I have to agree with GerryD. 
I have a 3ltr Burstner Aviano & tow a Ford Ka & only loose 1-2mpg.
GC.


----------



## wakk44 (Jun 15, 2006)

I don't think that mpg is an issue,when I had the toad on the A frame it was only a couple of mpg less.

However you mentioned convenience in your post,for us that was an issue,suffice to say that we don't tow a car now.

We like to make the journey part of the holiday and stop at any interesting places sometimes wild camping or finding a remote CL/CS somewhere.

Obviously with a toad on the back it made that type of touring more restrictive.Now I am more confident parking,our van is only 6.5m so it's not a huge problem,the worst thing is the dreaded height barriers.

I see you are getting a Chieftan which is longer than our Cheyenne so you may find a toad ideal as you probably wouldn't go down narrow roads and park up in small villages anyway.

A small hire car is quite cheap nowadays,you could find that preferable to having a tow bar fitted and A frame or trailer as there will not be much change out of a grand.I certainly regret having the A frame and toad now,it was an expensive mistake but seemed a good idea at the time.Horses for courses and all that.


----------



## chopper (May 22, 2005)

just to say what ever you do make sure you take the drive up to Dunnet Head itself, quite a trek but worth the journey, i loved it when i was there and the beach from the site is brilliant and behind the site the other side the road is lovely forest to walk in

enjoy

keith


----------



## Rosbotham (May 4, 2008)

This probably isn't relevant (but just in case), but what's the kerb weight of a Panda? Max weight on a Chieftan is 5000kg, max train weight 6000kg, meaning max weight of toad is 1000kg. Don't know what a Panda is...I know a 500C is 1020kg, because I'm currently trying to get info from Fiat about whether that figure includes 75kg allowance for driver or not (putting mine on a trailer & many are rated at 1000kg!).

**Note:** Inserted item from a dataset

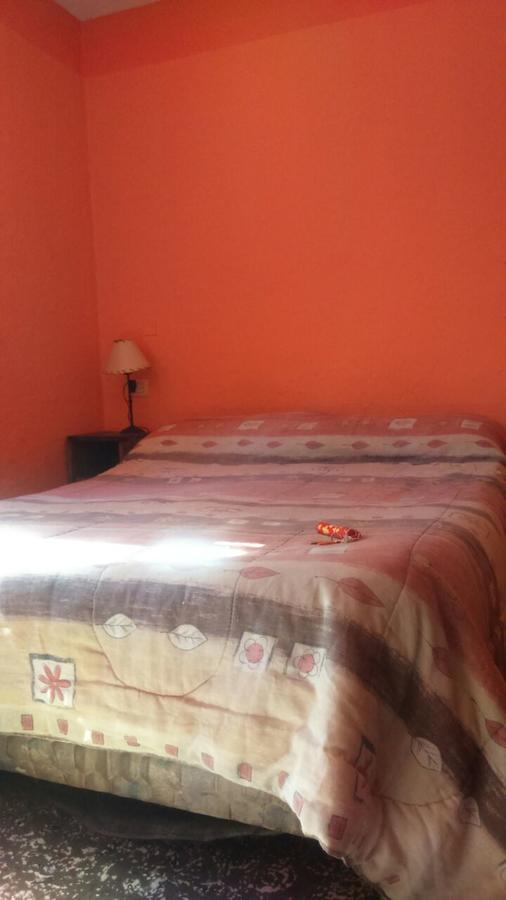 Hostel Internacional Mendoza Esterno foto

Guess the Chieftan's got loads of payload, so if you're not loaded up to the ginnels you'd be fine.


----------



## Ian-rapido (Mar 24, 2009)

I know its not the same as a car but during the summer my friend needed his trailer boat towed to Pembrokeshire (about 60 miles from home).

The max van tow weight is around 1100kg, I think the total of this boat was around 800kg including trailer. 

Our van has the ducato 2.8JTD and it pulled the boat with absolutely no problems, I was really surprised to find that it didnt cause much of a difference in fuel consumption, I would say max about 2mpg and that was on a real uphill downhill treck.

Also a car would be a lot smaller so would have less wind resistance.

Its quite different to towing a caravan, our Land rover gets around late 30's average but when we used to tow it would drop to around early/mid 20's.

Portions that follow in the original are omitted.